The typical indication of attack by A. pomorum results from feeding by larvae inside the flower bud. Infested flowers are dome-shaped with brown petals closing together, which are typically called "capped blossoms". Besides larval damage to flowers, feeding on host plants by active adults early in the season also results in small circular holes on newly growing leaves and buds. 

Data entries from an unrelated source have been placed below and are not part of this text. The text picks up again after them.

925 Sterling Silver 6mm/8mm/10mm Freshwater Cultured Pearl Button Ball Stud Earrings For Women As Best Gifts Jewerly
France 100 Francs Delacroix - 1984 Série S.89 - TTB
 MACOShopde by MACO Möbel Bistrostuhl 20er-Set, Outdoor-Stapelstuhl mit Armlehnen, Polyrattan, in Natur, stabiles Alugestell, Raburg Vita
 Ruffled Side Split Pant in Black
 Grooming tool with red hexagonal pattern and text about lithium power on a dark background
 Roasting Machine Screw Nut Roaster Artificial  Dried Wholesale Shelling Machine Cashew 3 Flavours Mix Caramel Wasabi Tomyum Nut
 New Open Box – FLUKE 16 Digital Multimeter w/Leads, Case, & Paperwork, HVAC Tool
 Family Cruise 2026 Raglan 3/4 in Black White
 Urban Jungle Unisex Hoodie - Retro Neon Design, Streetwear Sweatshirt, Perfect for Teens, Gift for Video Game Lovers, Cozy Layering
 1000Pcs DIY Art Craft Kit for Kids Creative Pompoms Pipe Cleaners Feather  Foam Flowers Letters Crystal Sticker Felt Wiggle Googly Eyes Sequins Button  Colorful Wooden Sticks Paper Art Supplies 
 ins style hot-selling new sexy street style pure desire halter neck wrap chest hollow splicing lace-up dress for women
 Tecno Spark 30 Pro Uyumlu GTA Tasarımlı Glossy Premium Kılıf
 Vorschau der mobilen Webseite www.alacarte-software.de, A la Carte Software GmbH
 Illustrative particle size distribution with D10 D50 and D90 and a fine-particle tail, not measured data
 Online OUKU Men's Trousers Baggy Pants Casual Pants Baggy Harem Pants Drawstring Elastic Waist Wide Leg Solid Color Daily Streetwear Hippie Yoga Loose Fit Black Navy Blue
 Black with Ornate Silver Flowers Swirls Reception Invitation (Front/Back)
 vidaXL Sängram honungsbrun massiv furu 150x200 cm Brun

Body length, 3.4-4.3 mm. Rostrum parallel-sided, with distinct median carina. Flagellum with 7 segments. Elytra with oblique band behind the middle. Fore femur with the largest tooth. In spring the beetles are actively running and flying when the average air temperature is 10°C; adult feeding on buds is necessary for maturation. Fertility is not more than 100 eggs, which are oval and milky-white. Female lays eggs one by one into buds between pistil and stamens, as soon as the buds are thrown off the scales. Ovi-position continues before balloon.s status. One week later larvae hatch and eat generative organs inside the flower buds, extracting sticky excretions, and blossoming becomes impossible. Larvae develop in about 2 weeks. The bud turns brown, gets dry and falls to the ground. The pupal development lasts more than 1 week, then the young beetles emerge from the buds through a round hole. The young beetles eat parenchyma from upper side of leaves, and their harmfulness is insignificant. Adults enter winter diapause at the end of summer and find refuge under the bark of trees.